But this is mostly due to the relative youth of the FRM credential. Risk is a hot topic and the FRM has a very bright future. Academic institutions are a rapidly growing FRM constituency. Both the CFA Institute and GARP (who administers the FRM) actively seek to partner with universities. Also, regulatory bodies. Even energy companies. And most recently, insurance companies. (In addition to the original constituencies, commercial banks and central/regulatory banks).
I would say that, against the traditional risk manager job market, the FRM is a solid and valued credential. But some qualifiers:
- Unlike the CFA which has no direct competition, the FRM has direct competition in the Professional Risk Manager (PRM) certification (so you have two choices for a risk designation)
- If you want to be an equity analyst, the CFA might be all you need (I would argue it is a pinnacle designation for many careers). At the moment, the FRM is generally (in my opinion) a complementary sort of credential, not a destination unto itself.
As mentioned before, GARP is growing fast (20-30% per year) so they don't have a continuing education program yet. Their online resources are coming into their own. And, where the CFA Curriculum is a case study in purposeful, well-organized content, the FRM is a bit uneven in areas (e.g., some of the quant readings are stale; operational risk it tough to cover and it shows). These "growing pain" challenges aside, I am partial to the FRM: I think the five competencies (quantitative, market risk, credit risk, operational risk, and investment risk) provide a great blend of both foundation and cutting-edge theory. So, you get exposed to the traditional stuff (e.g., portfolio theory,fixed income) but, at the other end of the spectrum, you get to grapple right along with GARP as they grapple with the definition of a new frontier (what is operational risk, after all?) and as they systemize very timely content (e.g., credit derivatives).
Exam Comparison
I listed out the major topics and slotted them into the Venn diagram below. Bold indicates an exclusive emphasis (e.g., the CFA has deep content on financial statement analysis, the FRM has none. On the other hand, the FRM has deep coverage of Basel II, while the CFA doesn't mention it). A regular (not bold) is not an exclusive emphasis. For example, asset allocation is covered by the CFA; it is referenced in the FRM, but not really with a robust set of learning outcomes. Similarly, the FRM covers credit risk models with, collectively, quite a few learning outcomes; the CFA does refer to credit portfolio models, but not in much depth.

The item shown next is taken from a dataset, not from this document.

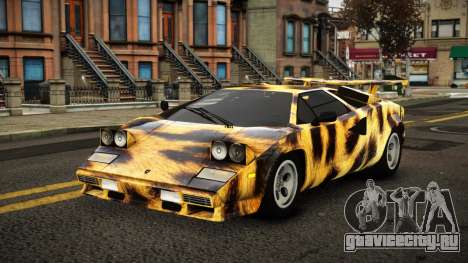 Lamborghini Countach Brier S4 для GTA 4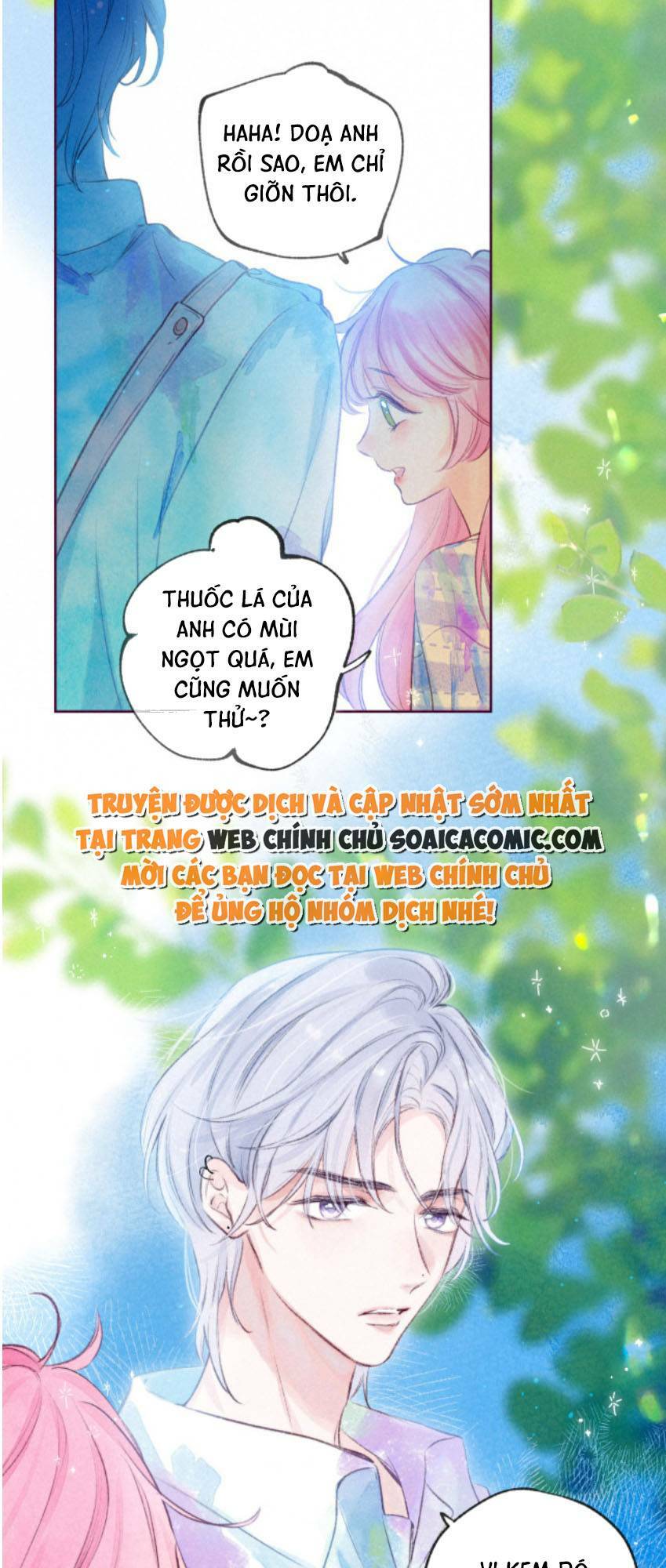 Giả Vờ Là Tình Nhân Chương 6 Ảnh 34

In the middle is the overlap, those topics where I find the exams to have much in common: basic statistics, volatility & correlation, fixed income, introduction to corporate finance (formalized in the CFA and referenced in piecemeal in the FRM), intro to derivatives, intro to credit risk, credit derivatives, intro to hedge funds, factor models and risk/return metrics (e.g., Sharpe, information ratio).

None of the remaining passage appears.